PIConGPU simulations of HED processes, laboratory astrophysics and laser-driven plasma accelerators will require an estimated 50 trillion particles and 2 trillion cells to resolve the interaction of high power lasers with solid density targets under realistic conditions. Inclusion of coherent and incoherent radiation transport and non-equilibrium atomic processes will lead to a tenfold increase of simulation time step duration and thus must be counteracted by a matching speed up in time to solution.
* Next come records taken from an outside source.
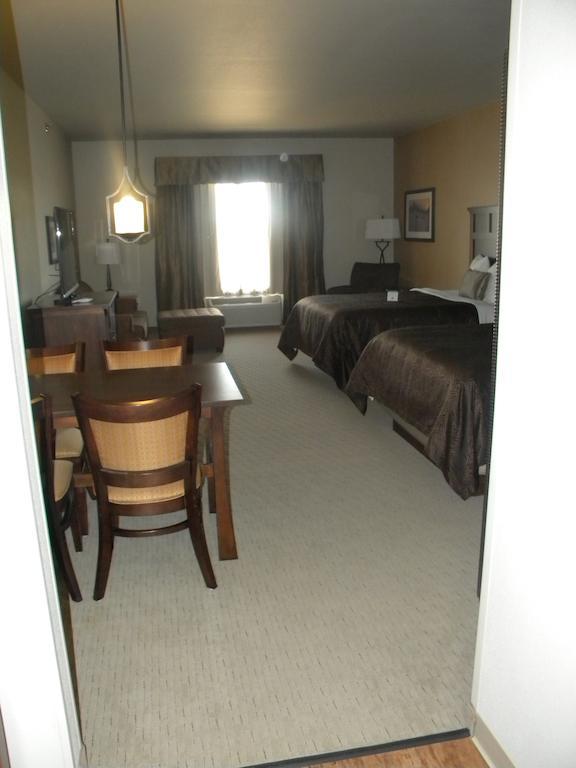 Teddy'S Residential Suites Watford City المظهر الخارجي الصورة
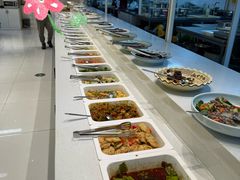 -清心素食自助餐厅(夫子庙店)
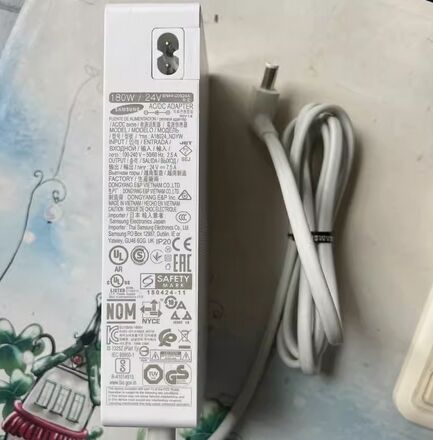 Chargeur Samsung A18024_NDYW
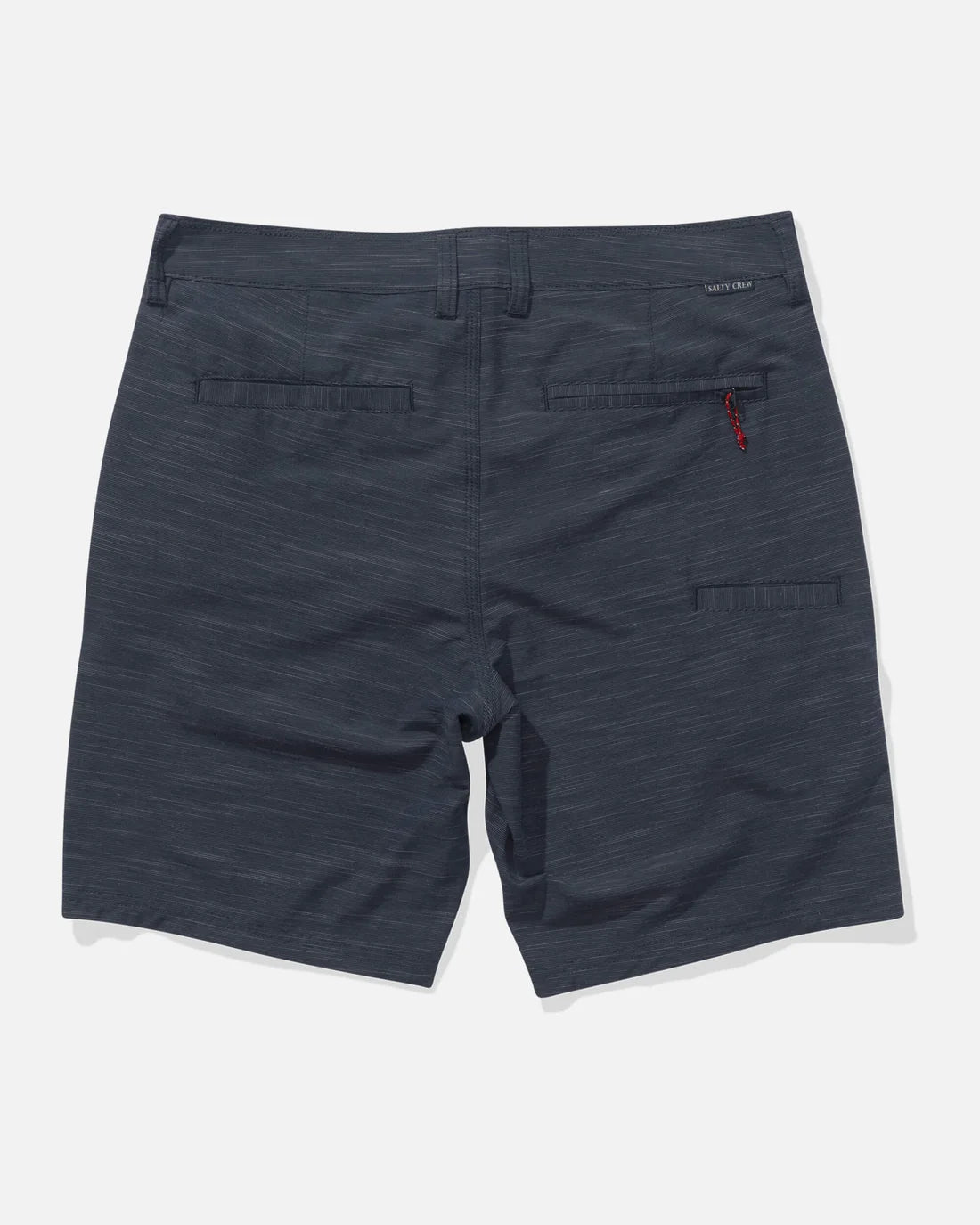 Salty Crew Drifter 19 Slub Hybrid Dark Slate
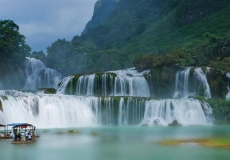 Cao Bang Travel Guide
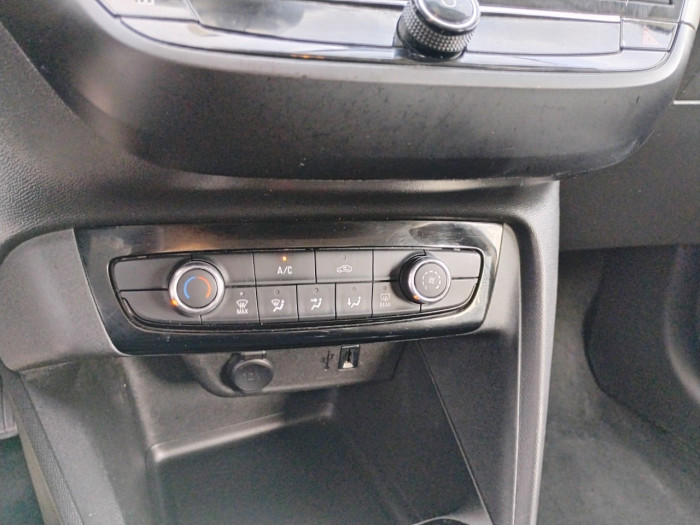 Opel CORSA 1.2 75 ch BVM5 Edition Business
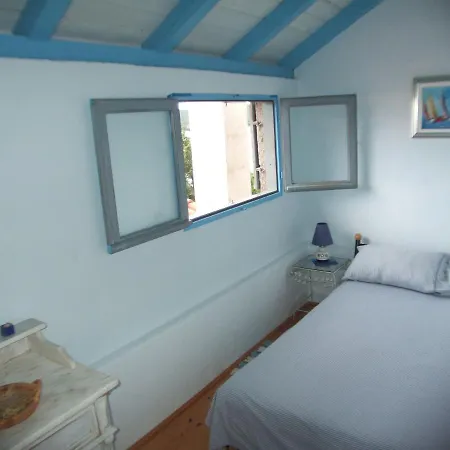 Дом отдыха House Lemon Tree *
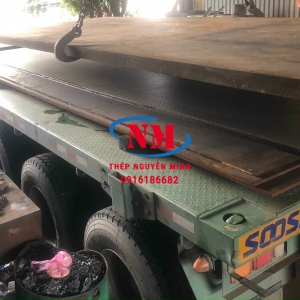 THÉP TẤM ĐÚC S355J2+N, THÉP TẤM CÁN NÓNG S355J2+N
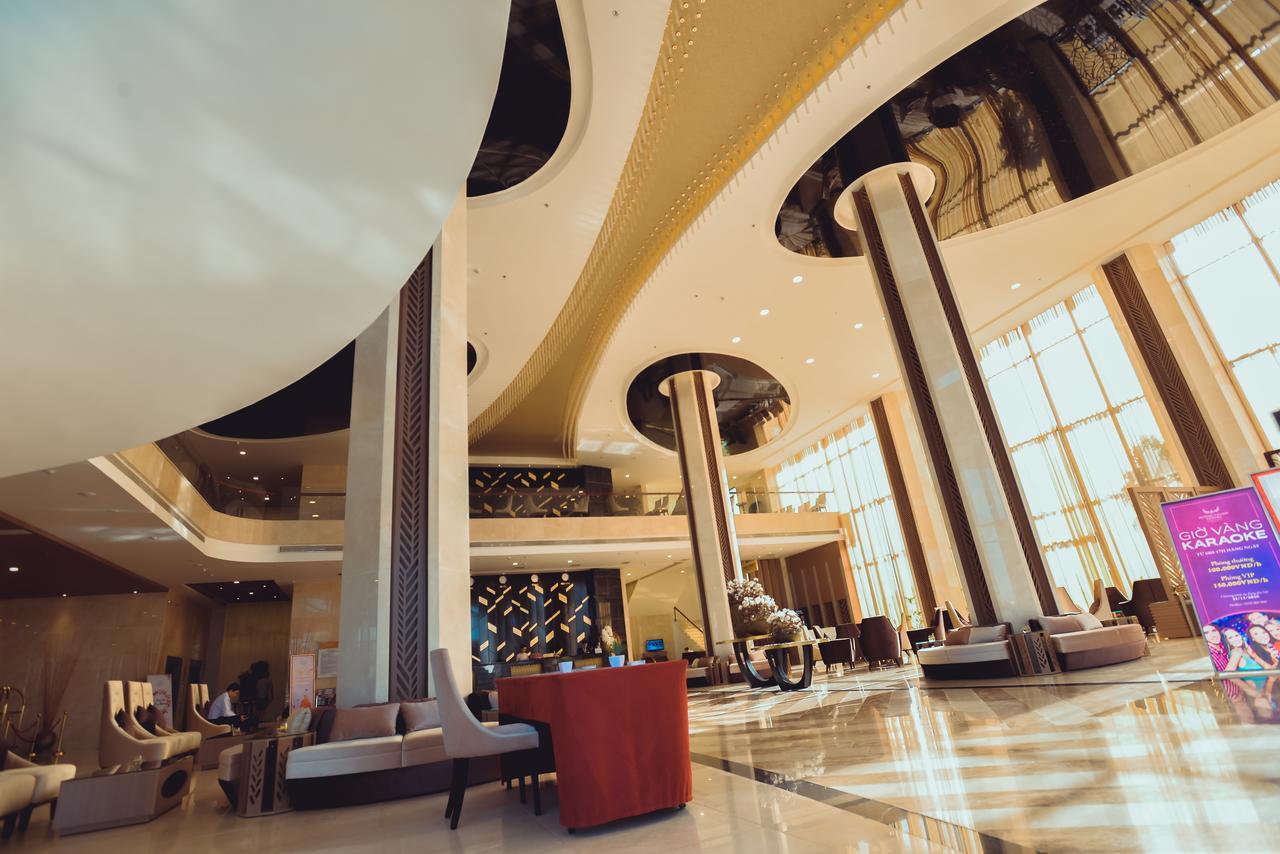 Khách sạn Muong Thanh Luxury 5*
A full-scale simulation of a 10 GeV class XFEL driver will cover 10 orders of magnitude in space and 7 in time, as core physical processes that determine the final beam parameters happen at the highest resolution scale. Thus, both the numerical quality of the solvers as well as the temporal and spatial resolution of the simulation will be crucial for correctly predicting the final beam parameters.

Detailed analysis of the nonlinear, non-equilibrium plasma, radiation and atomic processes will require online, in-transit data analytics at the 10 TB/s scale, including coupling different simulation codes (hydro+PIC, radiation), large-scale AI for knowledge extraction and surrogate modelling and in-situ visualisation.